Pode parecer estranho, mas Yossêf é o único personagem bíblico a ser chamado de haTsadíc (o justo) pelos sábios do Talmud, apesar de a própria Torá descrevê-lo como egocêntrico, fofoqueiro e bajulador.

E mesmo após tantos anos no Egito, ao reencontrar seus irmãos, ele demonstra ser presunçoso, arrogante e vingativo, como vemos em Mikêts e Vaigásh.

Em sua vingança, Yossêf até mesmo envolve seu irmão mais novo, Biniamin, que nem mesmo teve participação na trama que os irmãos mais velhos haviam armado para ele no passado.
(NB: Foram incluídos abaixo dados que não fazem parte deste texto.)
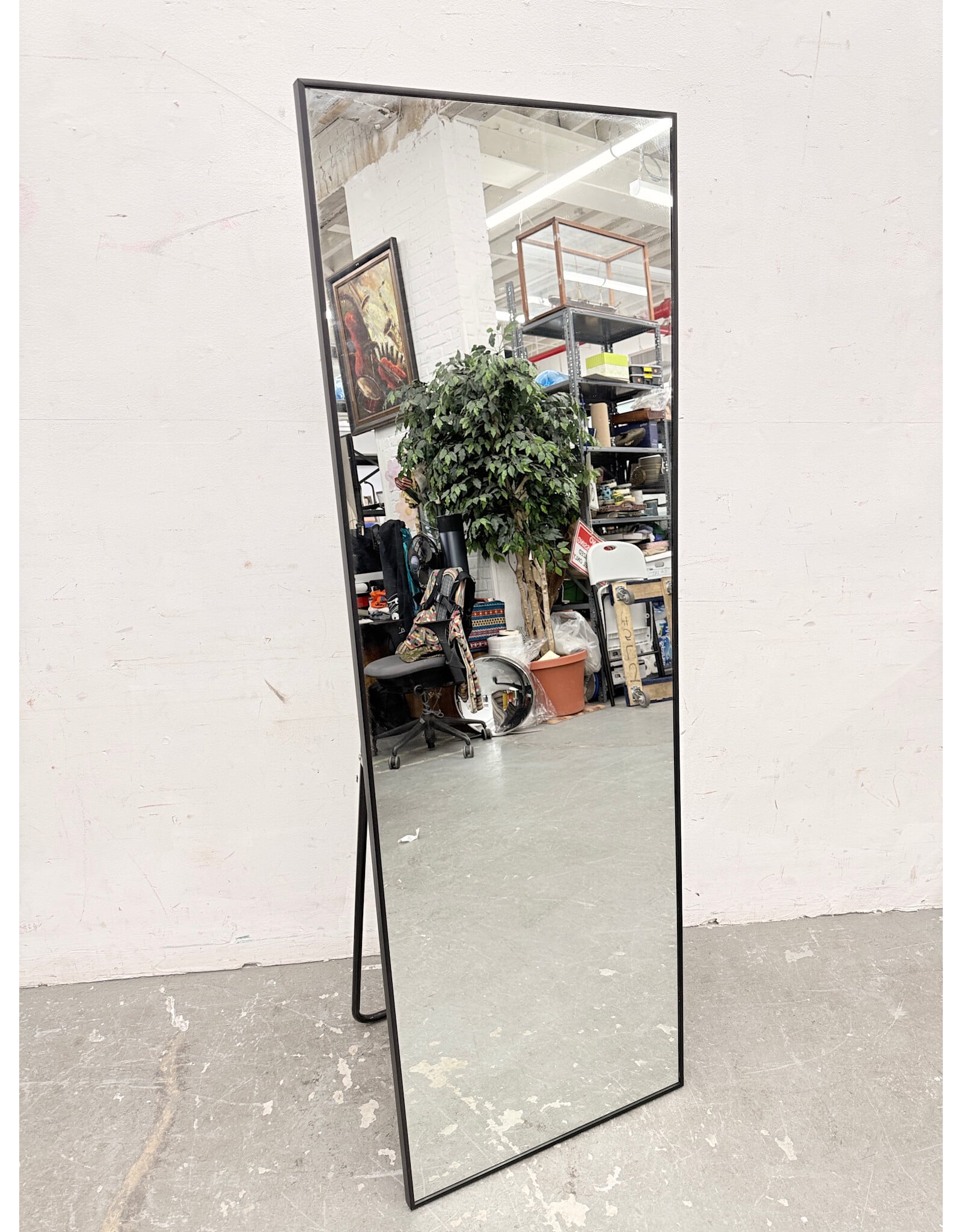 Modern Rectangular Black-Frame Floor Mirror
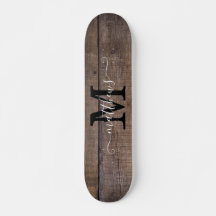 Nombre del guión monograma del patrón de madera rú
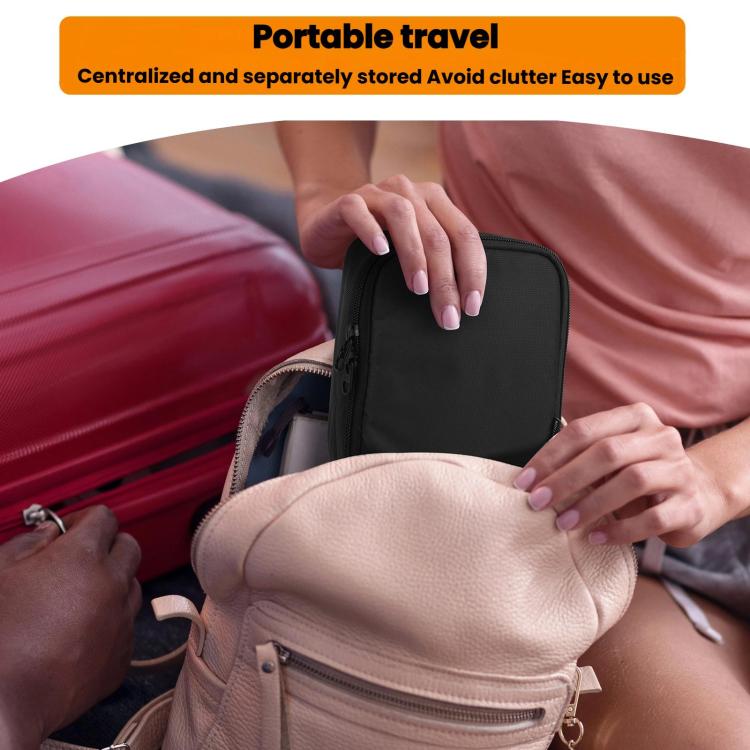 Multifunctional Wireless Charger Portable Storage Bag - Black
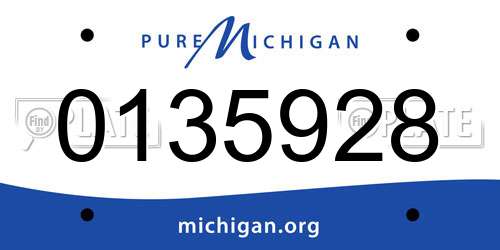 0135928 Michigan License Plate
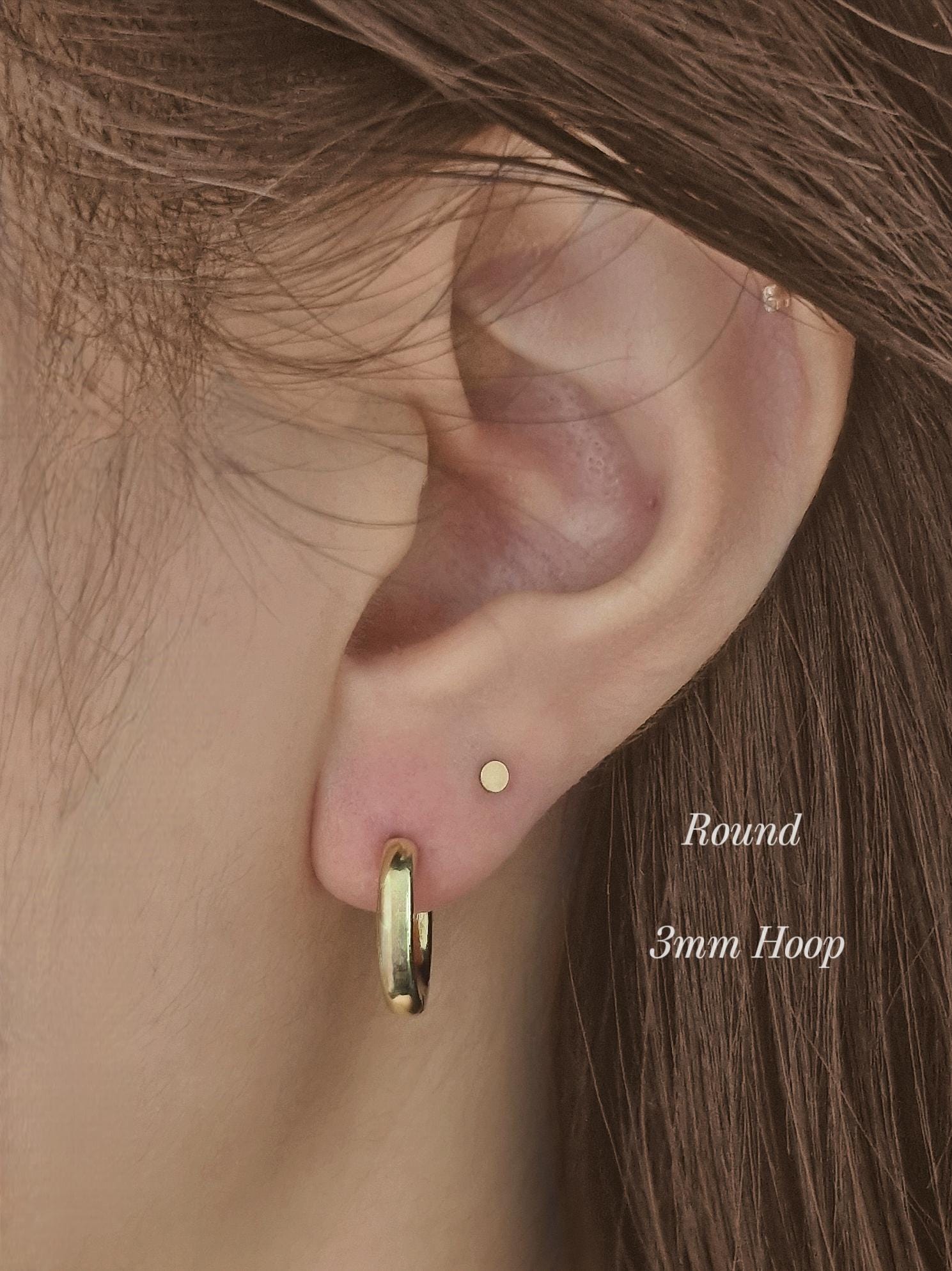 Heart Star moon Round 14k solid gold screwball piercing. screwball stud. Tiny piercing.
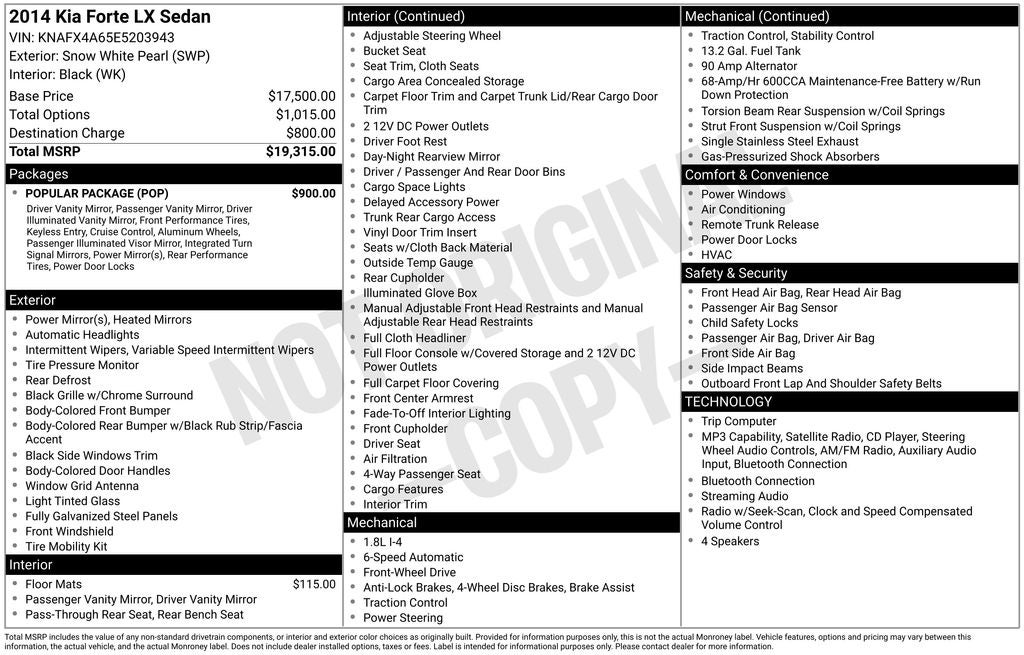 2014 Kia Forte LX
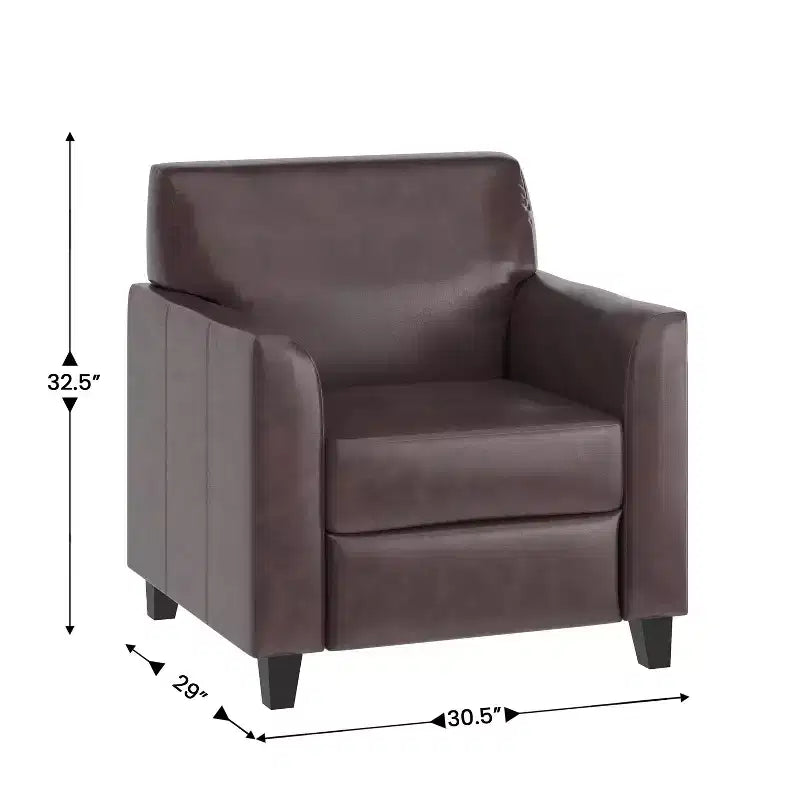 Chaise Flash Furniture HERCULES Diplomat Series en LeatherSoft avec cadre surpiqué à lignes épurées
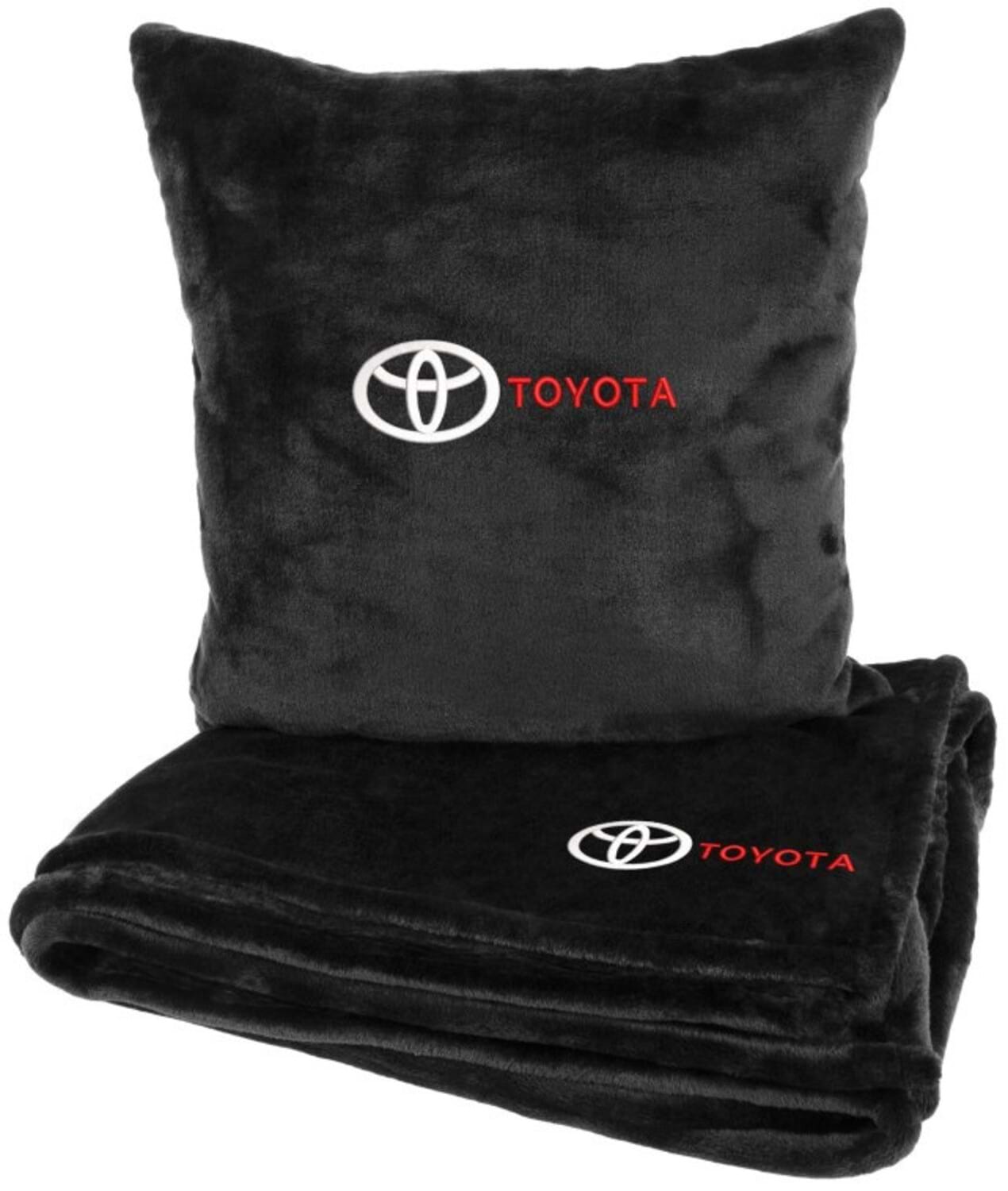 Набір плед + подушка в авто EVAtech M для Toyota чорні MBLMPSMBV031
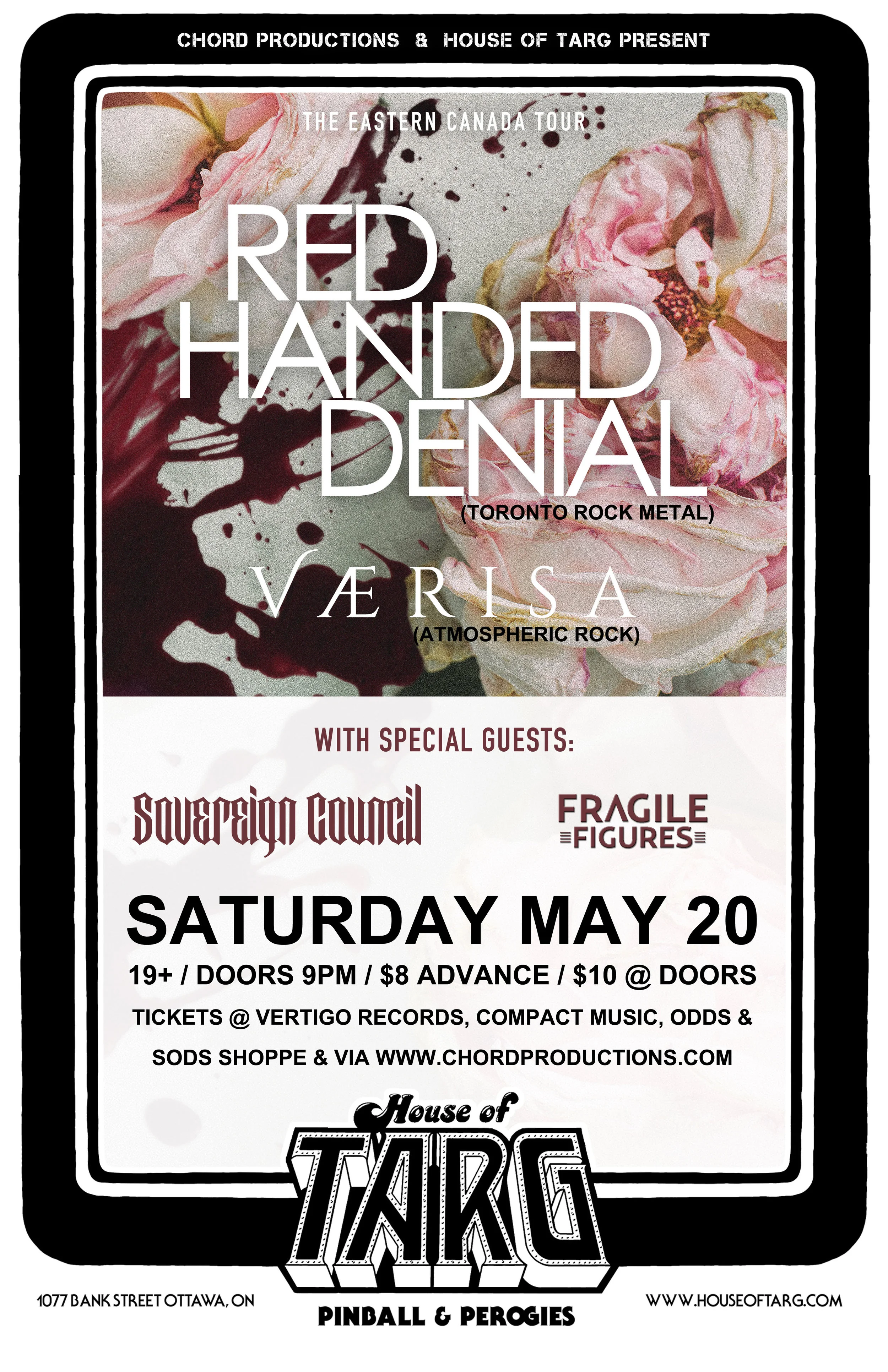 RED HANDED DENIAL + Værisa + Sovereign Council + Fragile Figures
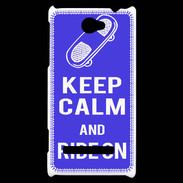 Coque HTC Windows Phone 8S Keep Calm Ride on Bleu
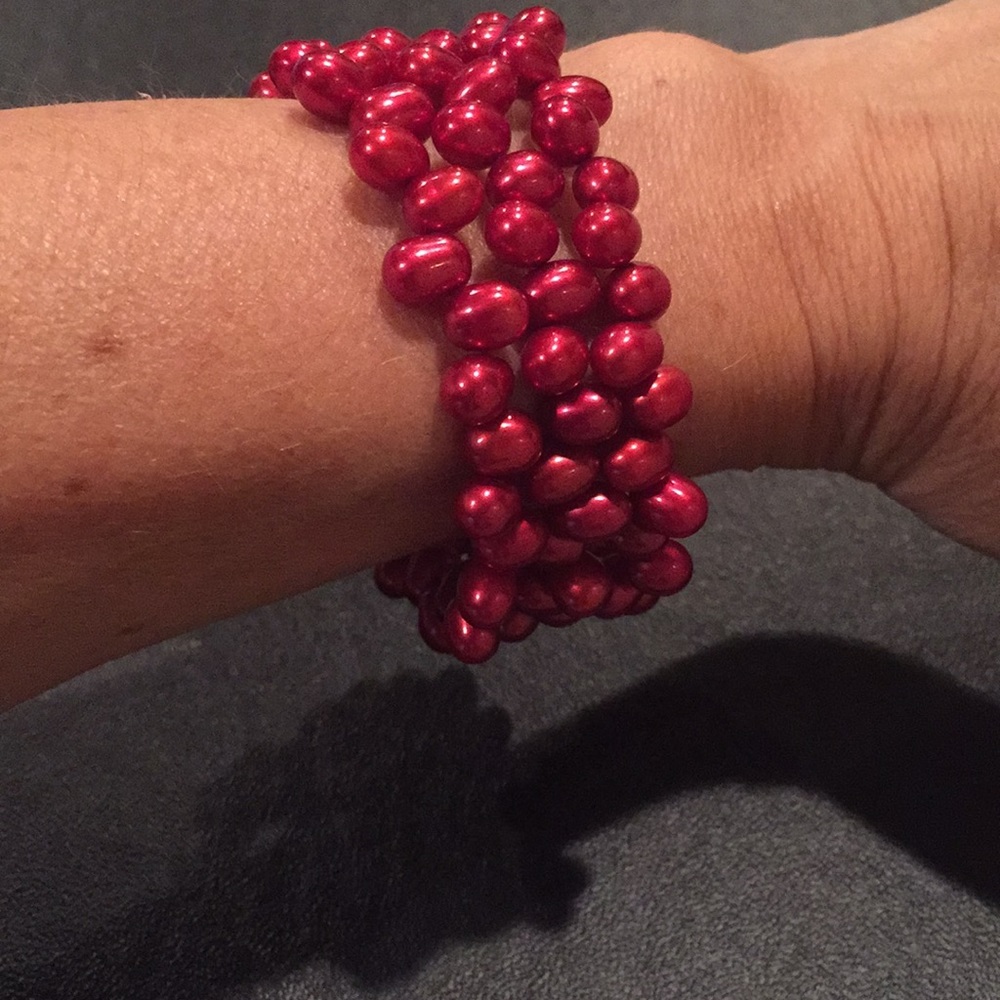 Pearl cuff bracelet - red freshwater pearls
Ele vê que seus irmãos já não são mais os mesmos e não agem mais como agiram no passado, pois se negam a entregar o filho mais novo de Yaacóv. Ele vê, mas não enxerga.

Os irmãos afirmam “nosso pai é idoso e já perdeu um filho caçula, não podemos privá-lo da presença de seu outro filho mais novo”. Yossêf ouve, mas não escuta. E exige que lhe seja trazido Biniamin.

Quando Biniamin é trazido, Yossêf os recebe com festa, mas, após dispensá-los, manda a guarda atrás deles, acusando-os de roubo. Mochilas revistadas e um copo de prata, plantado ali de maneira vil, é encontrado com Biniamin.

Diante da prisão de Biniamin, Yehudá se oferece para ficar em seu lugar, implorando que o menino possa voltar para Yaacóv, pois a dor da perda poderia leva-lo à morte. Yossêf permanece impassível.

Ele continua sem enxergar, continua sem escutar. Só na terceira vez, quando Yehudá se aproxima e fala a seu ouvido sobre Yaacóv, é que ele finalmente desiste da vingança, revela-se aos irmãos e pergunta: “Meu pai ainda vive?”. Yossêf, até então cego e surdo pelo desejo de vingança, ainda não tinha se dado conta daquilo que os irmãos já haviam falado.

É nesse momento que ele consegue passar sobre o passado, libertar-se do ódio que nutria pelos irmãos, desistir de sua vingança e enxergar de maneira positiva o que o destino acabou lhe reservando. Ali, Yossêf muda sua própria natureza.

É somente ao esmagar a arrogância e o egoísmo dentro de si, ao sufocar seu próprio desejo de vingança é que ele se torna capaz de enxergar o outro em sua completude, em sua humanidade e em seu potencial de mudança.

Ali ele se torna o tsadíc. “O que tudo isso significa?” – pergunta Elie Wiesel – “Significa que ninguém nasce tsadíc. Significa que se deve lutar para se tornar um justo. E, uma vez tendo se tornado um tsadíc, deve-se lutar para não deixar de sê-lo”.